BRIEF: Return all the data verbatim but without images.

DATA RECORDS:

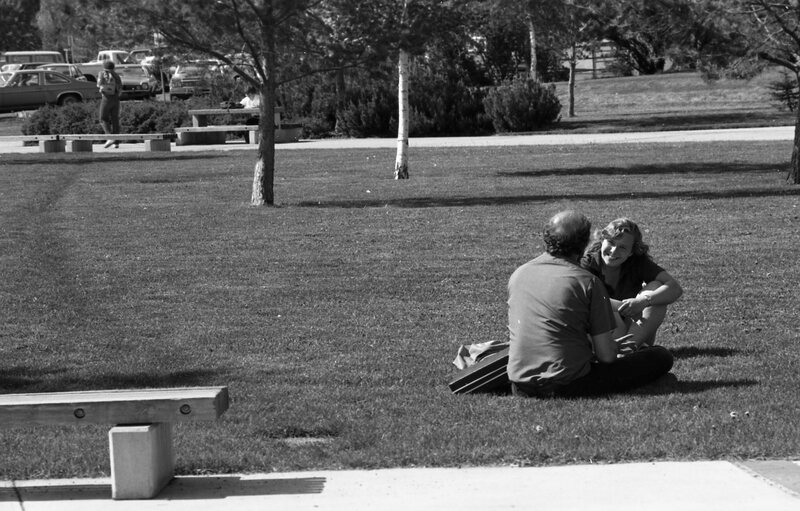 1985 Students, May Outdoor Candid Shots 12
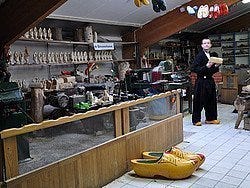 Fábrica de zuecos en Volendam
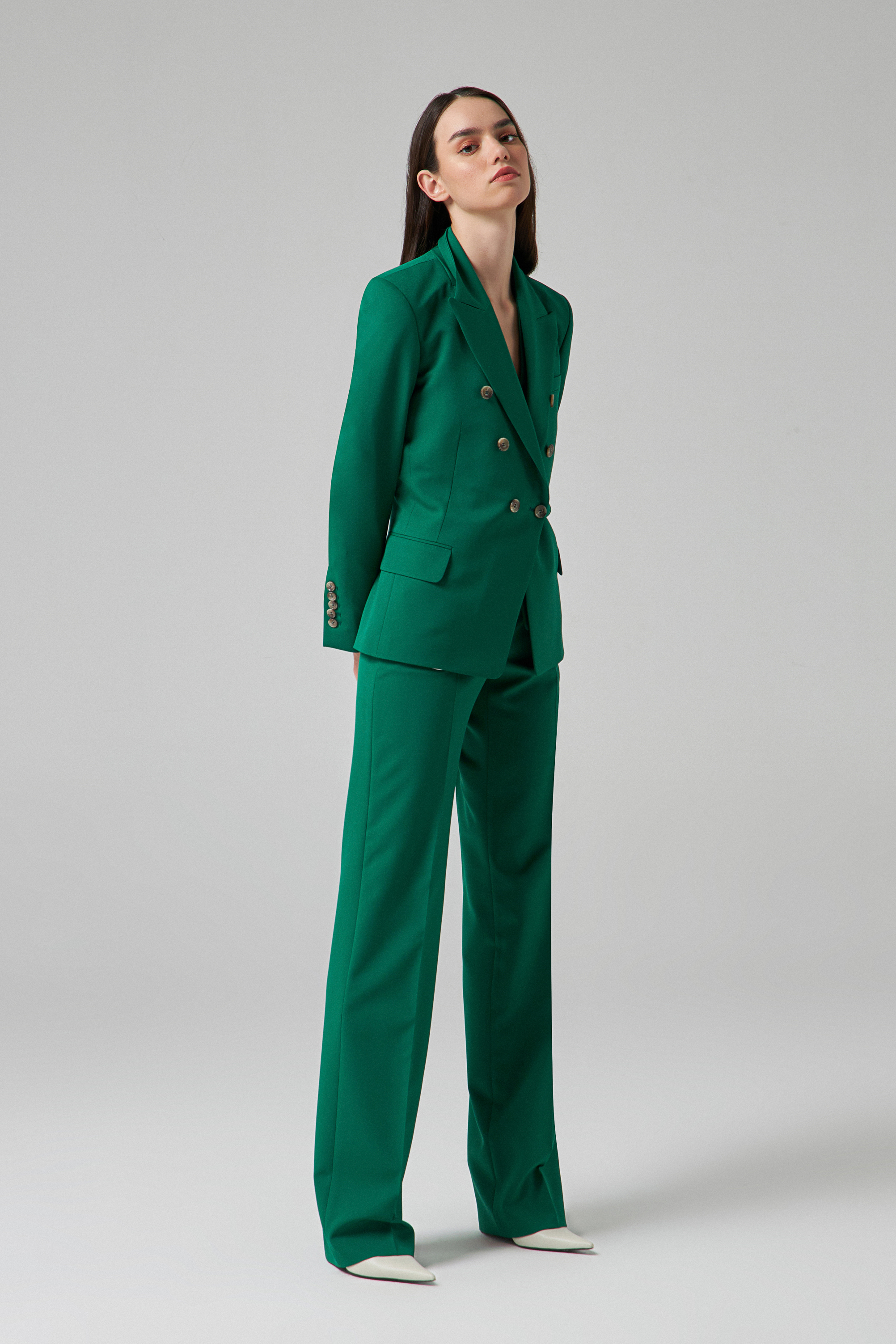 Damat Tween Damat Slim Fit Yeşil Takim Elbise Yelekli. 1
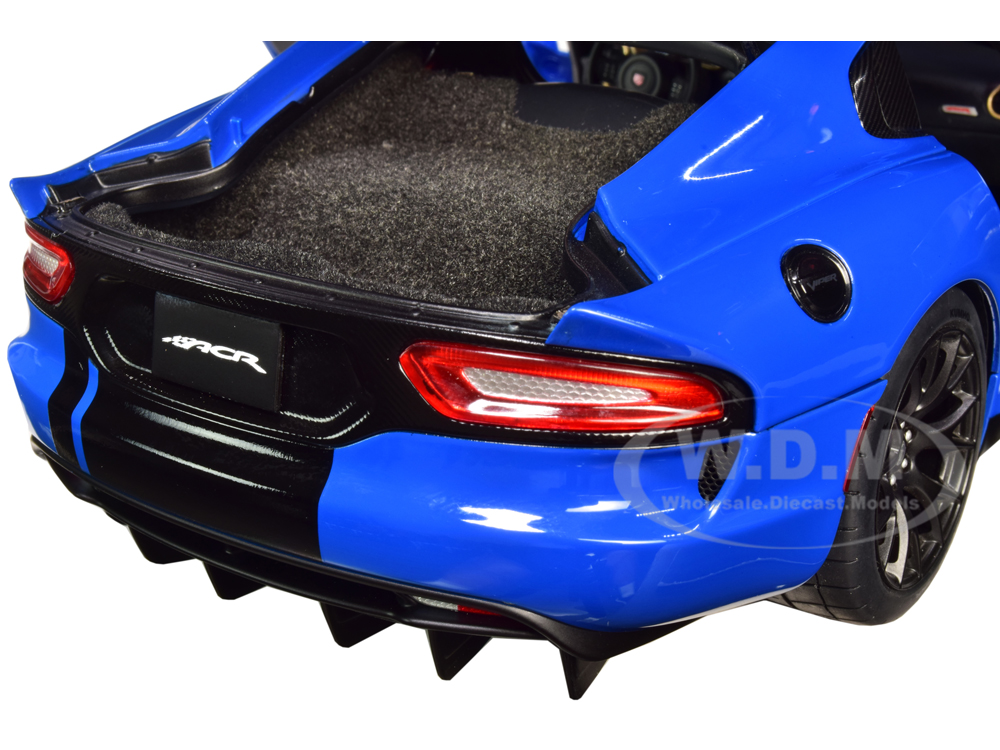 2017 Dodge Viper ACR Competition Blue Black Stripes 1/18 Model Car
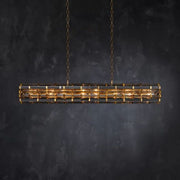 Dora Glass Linear Cylinder Chandelier 49″ 60″ 71″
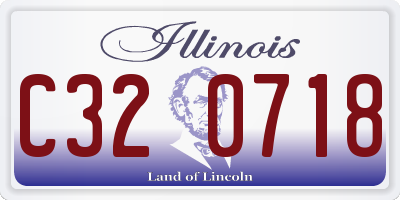 IL license plate C320718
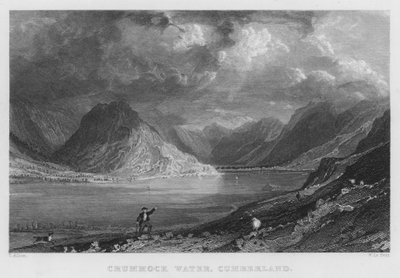 Crummock Water, Cumberland (grawerowanie) autorstwa Thomas (after) Allom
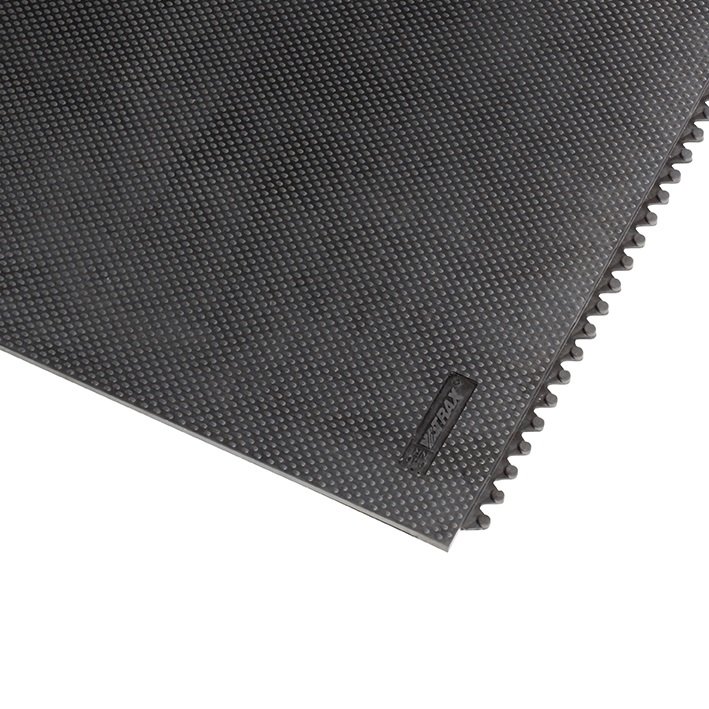 Černá gumová extra odolná modulární rohož Slabmat Carré - 91 x 91 x1,3 cm (cena za 1 ks)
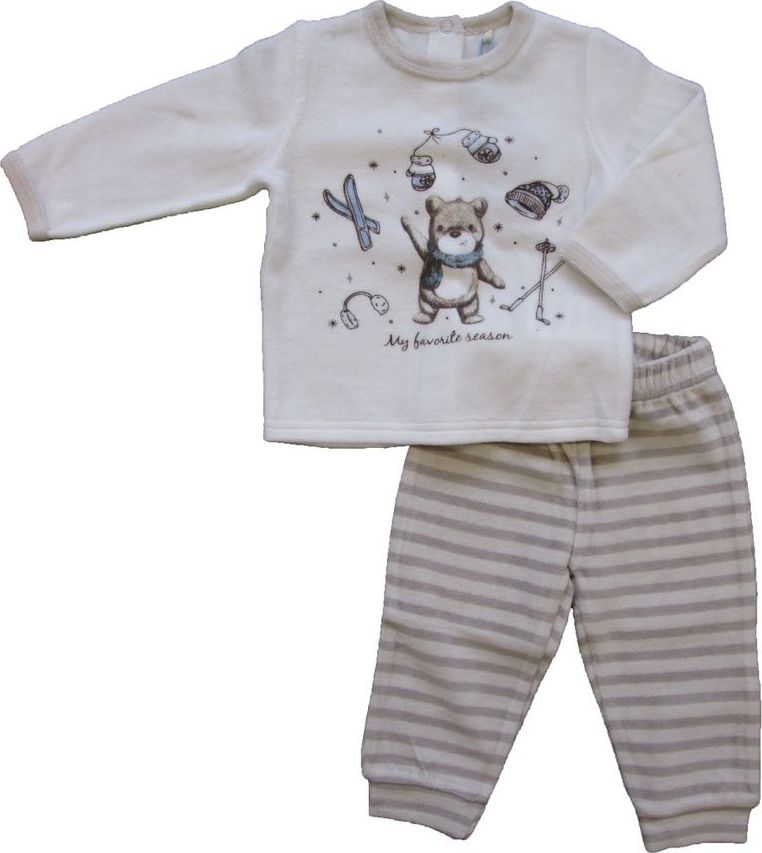 Carodel dětské pyžamo 56 béžová - obrázek 1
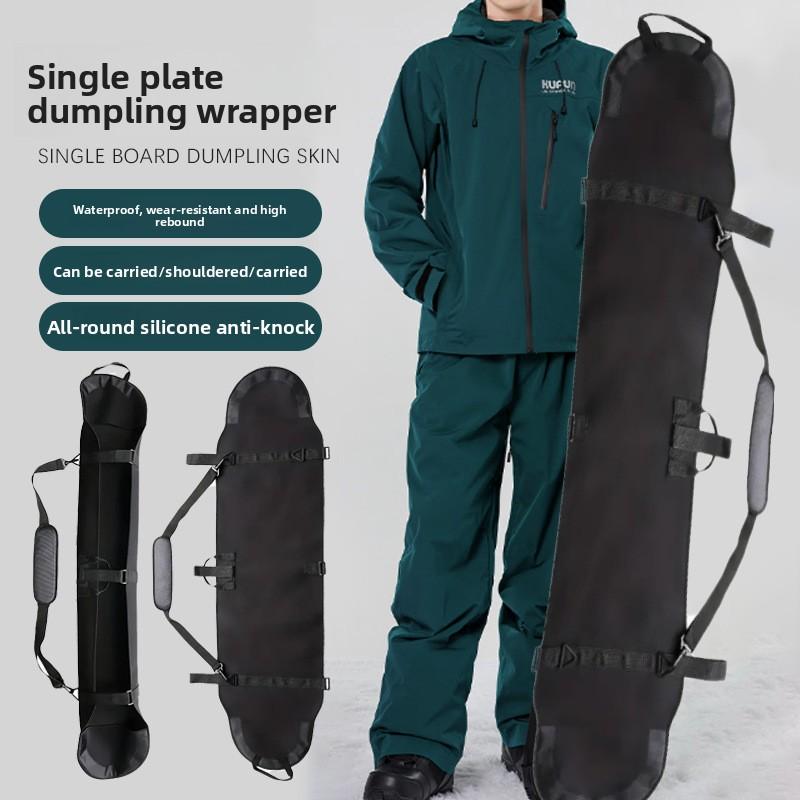 SBR Snowboardová dvojitá ramenní všestranná úložná taška Neoprenová lyžařská taška ve tvaru knedlíku Ochranný kryt na snowboard proti poškrábání a korozi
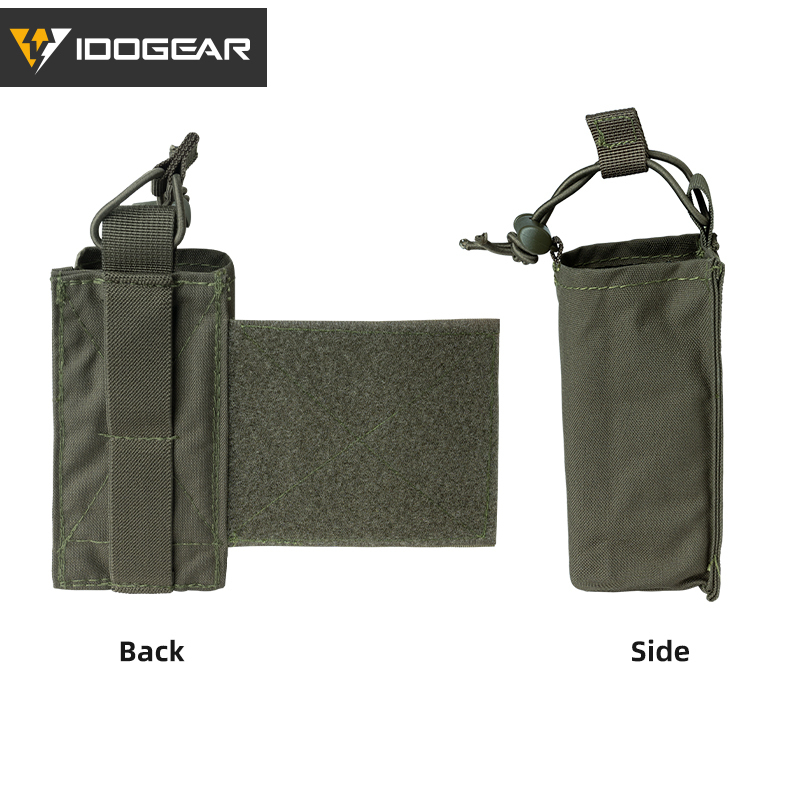 IDOGEAR Tactical Radio Pouch Expander Wings Walkie Talkie Holder Hook&Loop Camo 3317-D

EXERCISE SOLUTION:
 1985 Students, May Outdoor Candid Shots 12
 Fábrica de zuecos en Volendam
 Damat Tween Damat Slim Fit Yeşil Takim Elbise Yelekli. 1
 2017 Dodge Viper ACR Competition Blue Black Stripes 1/18 Model Car
 Dora Glass Linear Cylinder Chandelier 49″ 60″ 71″
 IL license plate C320718
 Crummock Water, Cumberland (grawerowanie) autorstwa Thomas (after) Allom
 Černá gumová extra odolná modulární rohož Slabmat Carré - 91 x 91 x1,3 cm (cena za 1 ks)
 Carodel dětské pyžamo 56 béžová - obrázek 1
 SBR Snowboardová dvojitá ramenní všestranná úložná taška Neoprenová lyžařská taška ve tvaru knedlíku Ochranný kryt na snowboard proti poškrábání a korozi
 IDOGEAR Tactical Radio Pouch Expander Wings Walkie Talkie Holder Hook&Loop Camo 3317-D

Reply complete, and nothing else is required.